ありうる空間は建築によって探究され形になる

どう具体的に生きることができるかという問題に、より強く関わるのは絵画や文学よりも建築だと思う。建築という概念を置くと物事を広く考えざるを得なくなる。バウハウスは中心に建築を置いた。マレーヴィッチが絵画から建築に向かう時、シュプレマティスム絵画の体積システムとして建築や家具を捉えていたというのも面白い。荒川修作の変な建築。指一本入っていかない絵画をなぜこれほど高く評価するのか、みたいなことを何かのインタビューで言っていた。グロピウスのファグス靴型工場。 工場だが人間の労働や技術に尊厳を与えようとする理念が感じられる。 採光にこだわった環境づくりがある。 汚い工場で歯車として労働させられ、味気ない機械生産品にあふれた環境への反感と別の環境をつくろうとするビジョンがある。 環境変化を目指すダイナミックさがある。

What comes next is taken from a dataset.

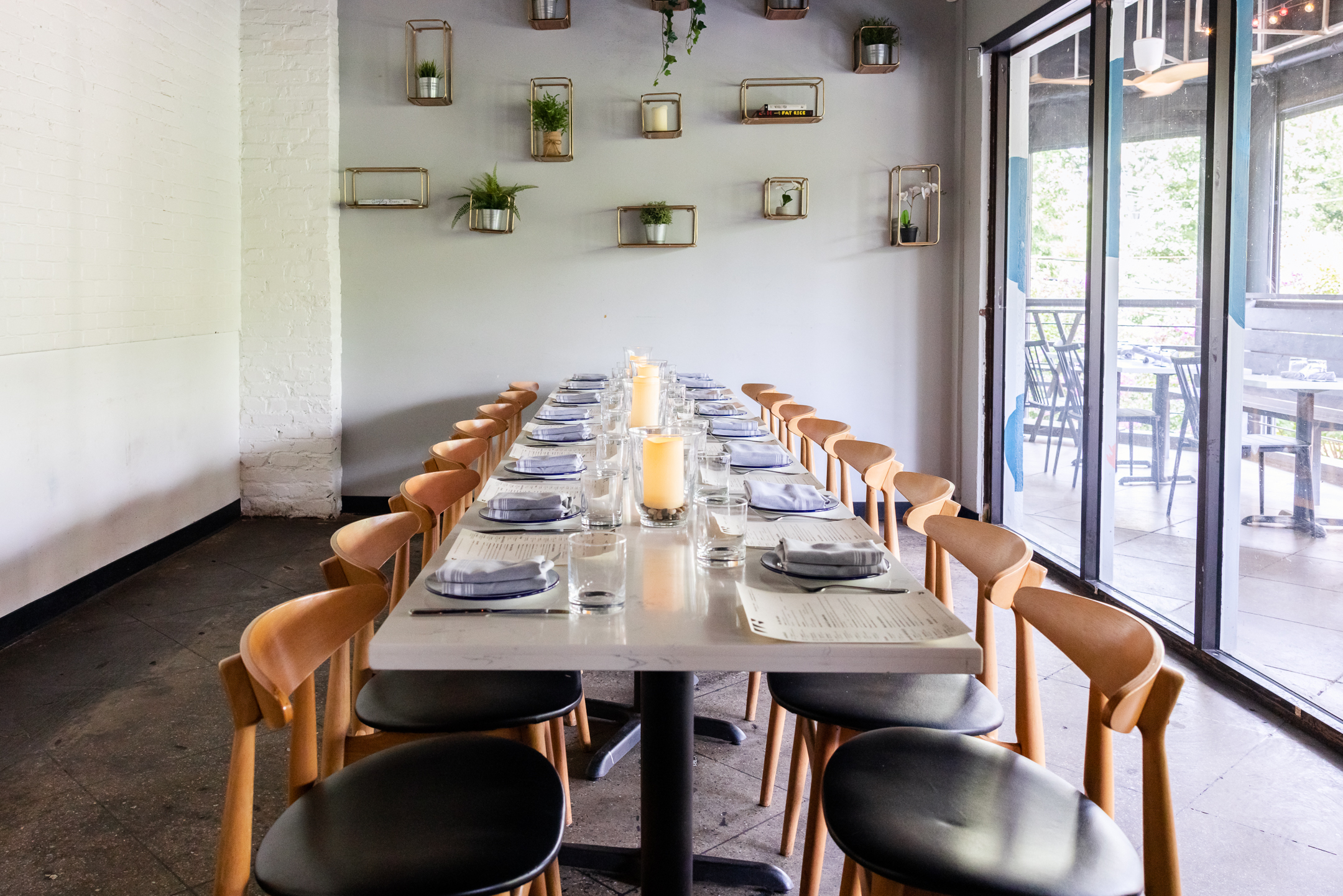 whiskey bird semi-private dining room for brunch and dinner groups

東京五輪スタジアムでザハの建築、都市にプラグインされる異空間みたいな建築を拒否した日本人が求める空間の保守性と日本人の生き方は関係あるだろう。日本人が求めているビジョンが建築になるとしたら?それはどんなビジョンなのか?何も起きないこと。環境に溶け込むだけで何も起きないことが、目指されているビジョンなのかもしれない。なんか活力を奪われる空間。何もしない、対立しない、怒られない、という価値。もしその価値観で動いていると仮定したら、ほんと、つまらないなぁ。